TASK REQUIREMENTS => Though the records contain pictures, copy none of them; repeat exactly the lines from the one with "Sleeveless Jumpsuit with" to the end.

Stored items =>
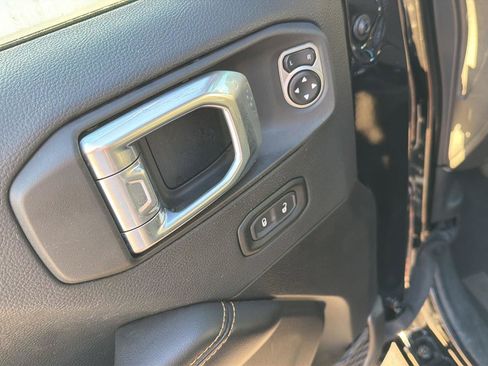 Used 2025 Jeep Wrangler Unlimited Sahara AWD/4WD image 31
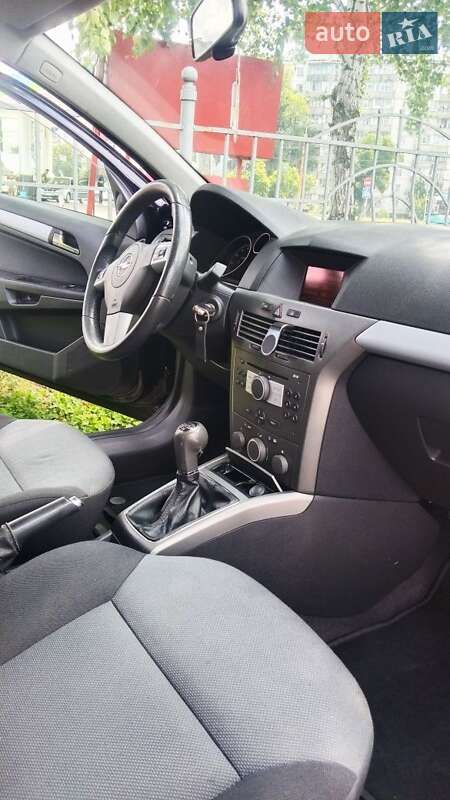 Универсал Opel Astra 2005 в Сумах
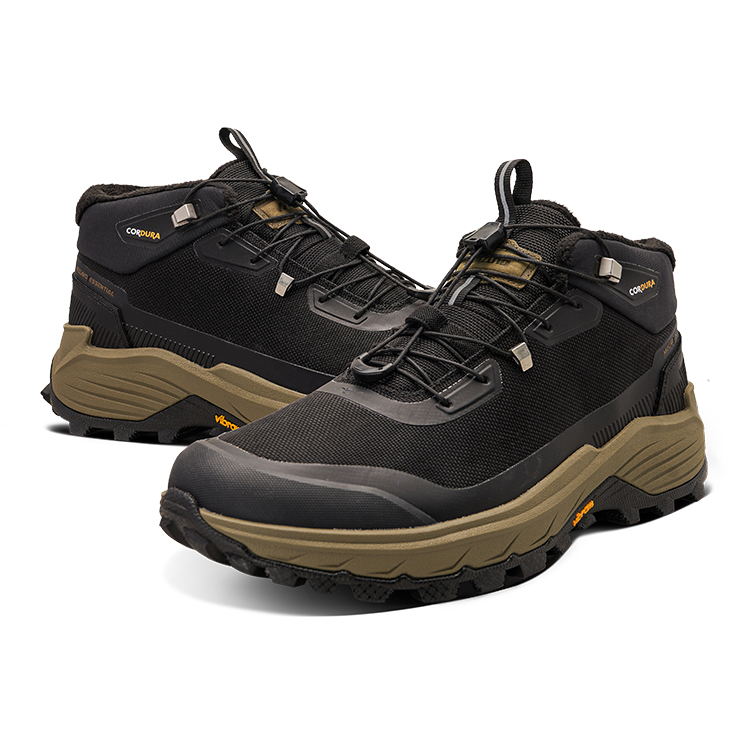Mizuno GM CROSSWILD 2 Slip Resistant Abrasion Resistant Mid top Outdoor Shoes Men’s Black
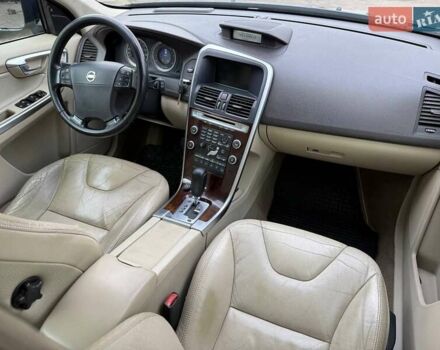Синий Вольво ХС60, объемом двигателя 2.39 л и пробегом 251 тыс. км за 11000 $, фото 11 на Automoto.ua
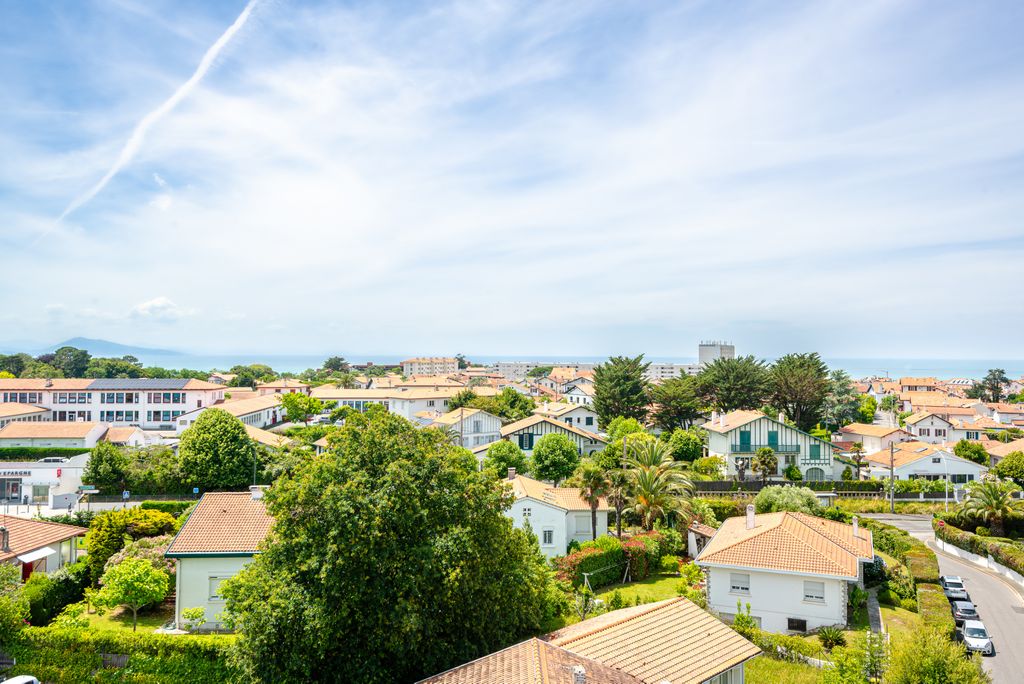 Achat appartement à vendre 4 pièces 80 m² - Biarritz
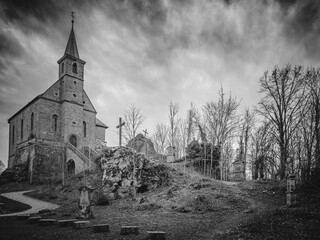 Schwarz Weiß Bild von der Gügel Berg Kapelle in Franken, Bayern, Oberfranken - 769742351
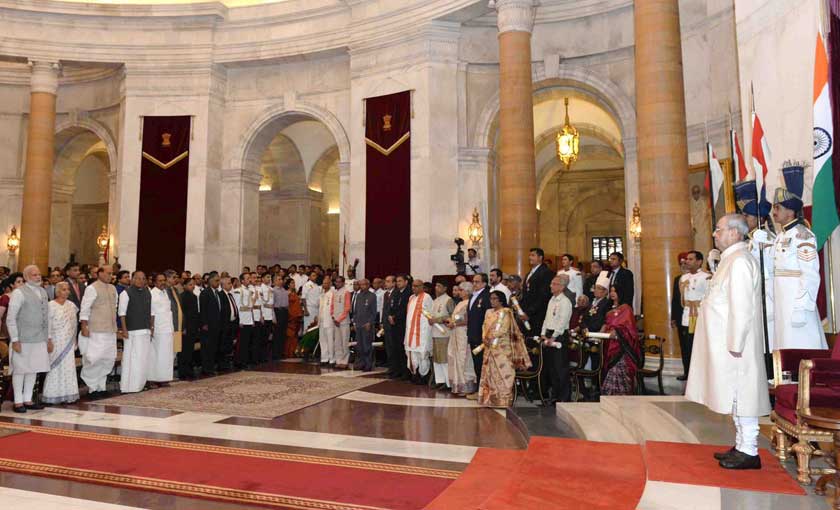 President Mukherjee presented Padma Vibhushan, Padma Bhushan and Padma Shri awards at Rashtrapati Bhavan 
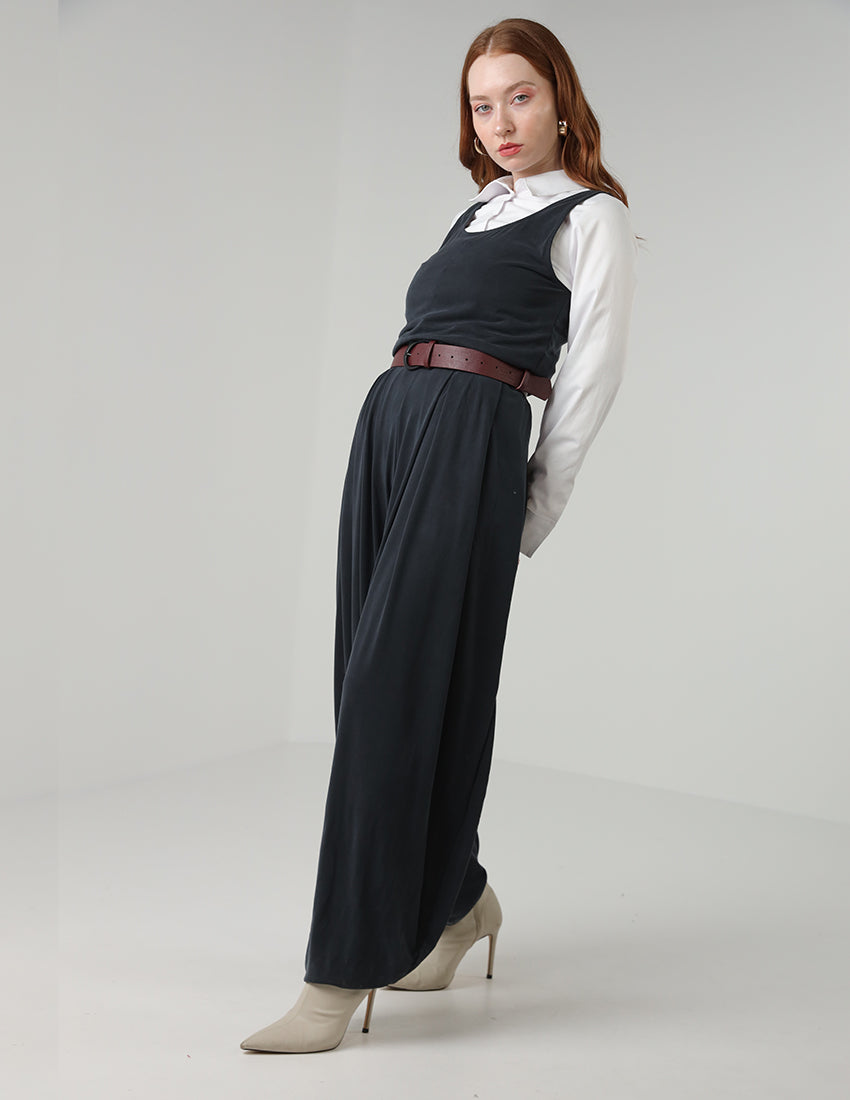 Sleeveless Jumpsuit with Elastic Waist and Wide Legs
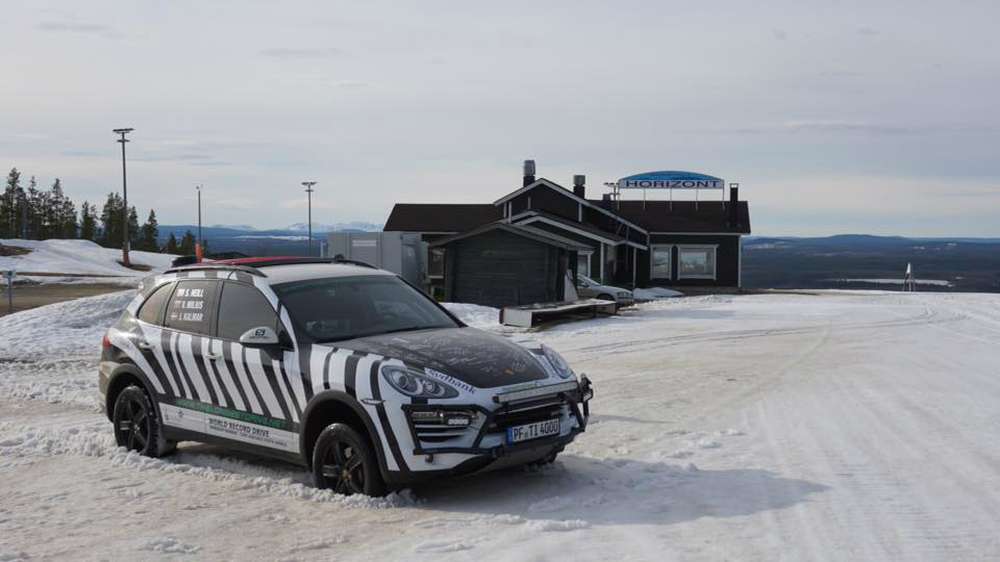 Porsche Cayenne проехал от Норвегии до ЮАР за восемь дней
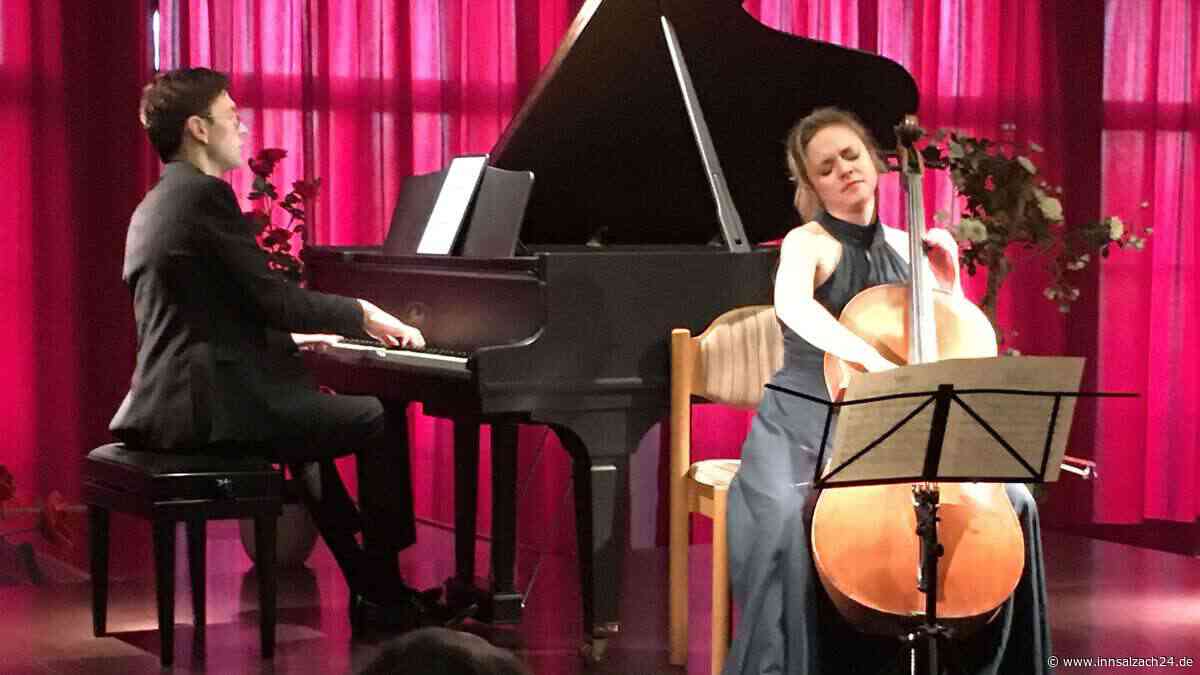 Irina Josifoska und Victor Soos verzaubern Töginger Publikum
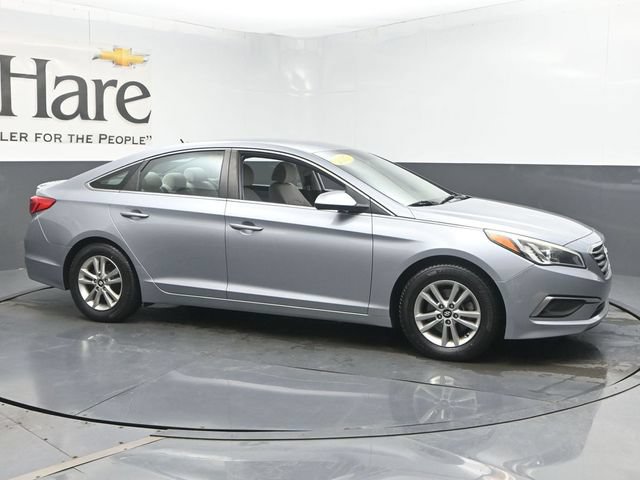 Used 2017 Hyundai Sonata SE FWD image 1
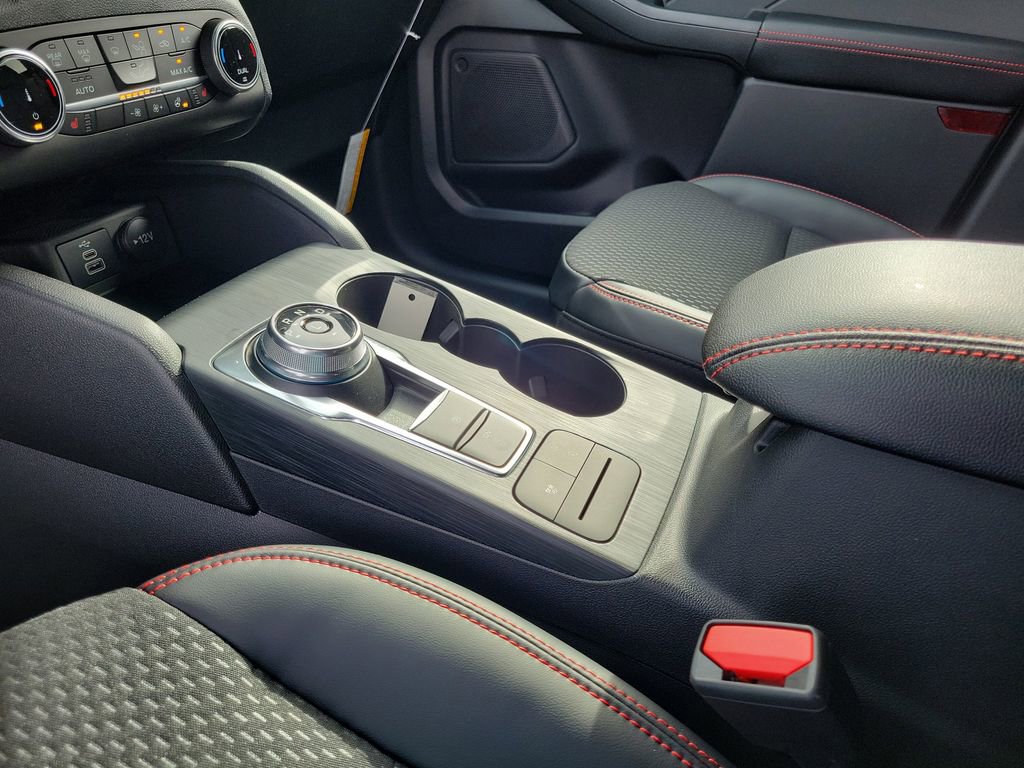 New 2026 Ford Escape ST-Line w/ Cold Weather Package image 29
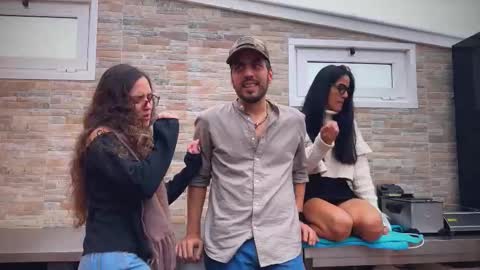 ANDREA STEPH  MIKE online show from November 14, 9:41 am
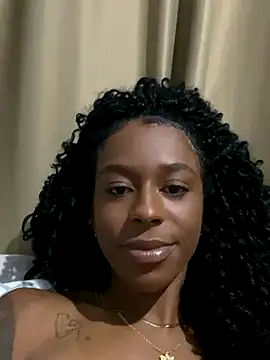 Snapshot of Naiara77 chatting on December 2025 12:49:02 AM Naiara77 online show from December 2025 12:49:02 AM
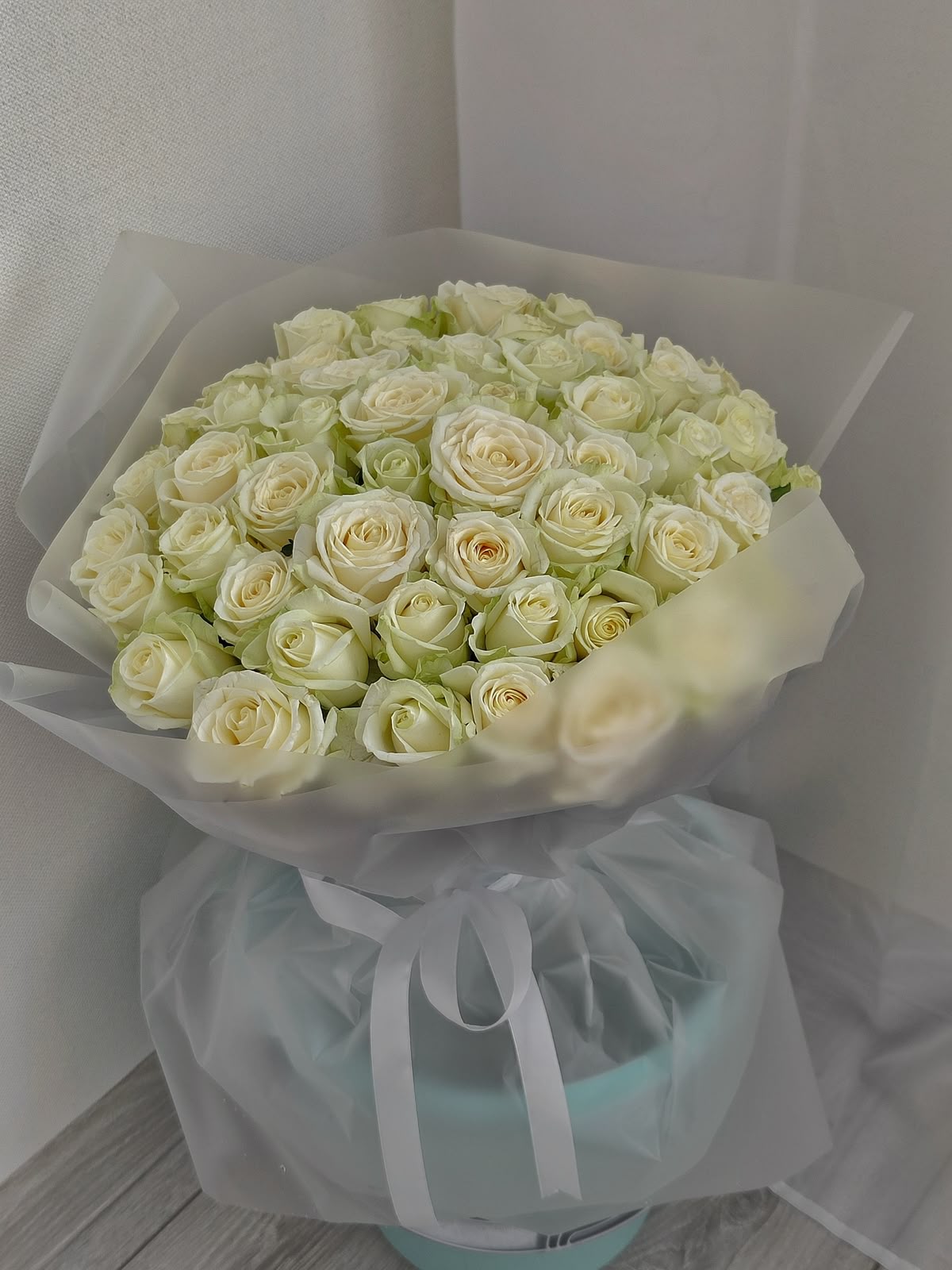101 White Roses Delicate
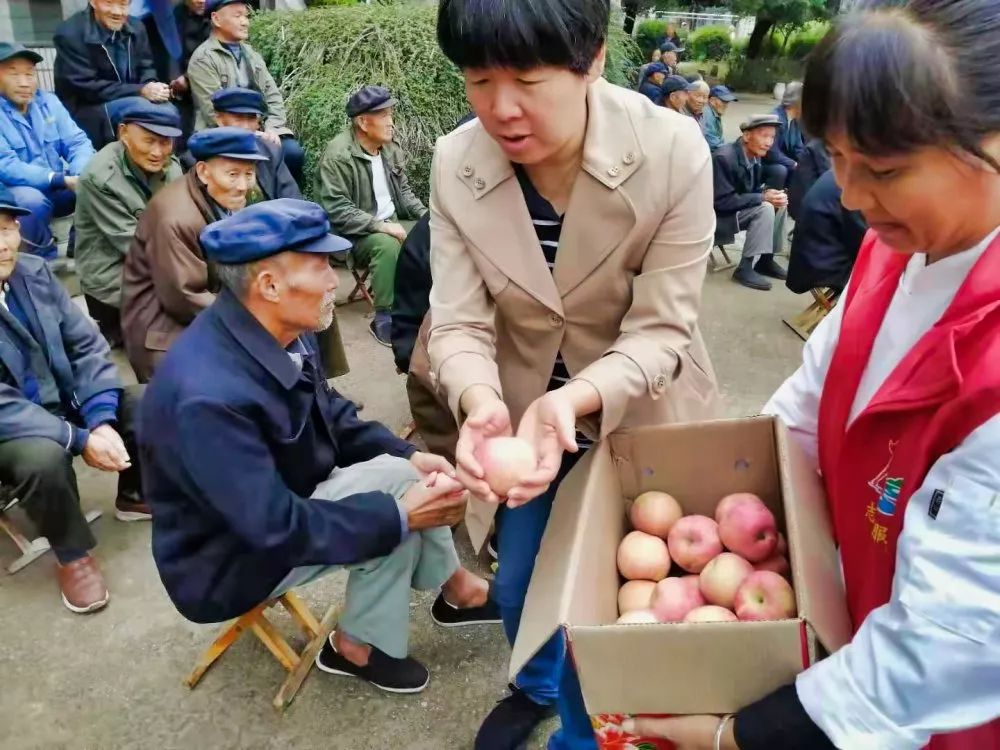 城前镇敬老院慰问老人,镇党委委员谢方亮陪同,同时市青年企业家协会也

TASK RESPONSE =>
 Sleeveless Jumpsuit with Elastic Waist and Wide Legs
 Porsche Cayenne проехал от Норвегии до ЮАР за восемь дней
 Irina Josifoska und Victor Soos verzaubern Töginger Publikum
 Used 2017 Hyundai Sonata SE FWD image 1
 New 2026 Ford Escape ST-Line w/ Cold Weather Package image 29
 ANDREA STEPH  MIKE online show from November 14, 9:41 am
 Snapshot of Naiara77 chatting on December 2025 12:49:02 AM Naiara77 online show from December 2025 12:49:02 AM
101 White Roses Delicate
 城前镇敬老院慰问老人,镇党委委员谢方亮陪同,同时市青年企业家协会也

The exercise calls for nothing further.